When responses from all consumers are considered (including those who don’t intend to buy in the sales), trust rates fall further with only 35% of consumers trusting the accuracy of displayed pre-sale discounts.
The data indicated that trust levels are highest among young people (15 -24 years), while those aged over 55 report the lowest levels of trust in discounts.
Grainne Griffin, director of communications, CCPC, said, "It’s clear from our research that consumer confidence in the legitimacy of advertised discounts is very low. Only 35% of consumers trust that discounts or pre-sale prices displayed during sales are accurate.
"Misleading advertising is illegal and consumers should be able to trust in advertised discounts. The CCPC looks forward to the upcoming enactment of the Price Indication Directive which will tighten up the rules on sales advertising and empower the CCPC to take enforcement action when businesses mislead consumers through discount advertising.
"We also encourage businesses to play their part in building consumer confidence by providing clear and transparent pricing history to consumers during sale periods.”

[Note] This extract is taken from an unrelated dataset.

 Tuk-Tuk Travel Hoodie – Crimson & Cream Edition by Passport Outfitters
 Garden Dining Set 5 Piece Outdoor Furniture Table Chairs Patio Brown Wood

Griffin noted that the CCPC's research shows that over one in three consumers are planning on shopping in the Black Friday sales this year.
While slightly down on last year, this still represents a very significant percentage of consumers who, on average, intend to spend almost €400.
"Our advice to consumers who are planning on purchasing is that they have stronger consumer rights when they buy from an EU website and a ‘.ie’ domain is not a guarantee that a company is based in Ireland," she added.
"Consumers should shop around to compare offers, and focus on selling prices rather than advertised discounts."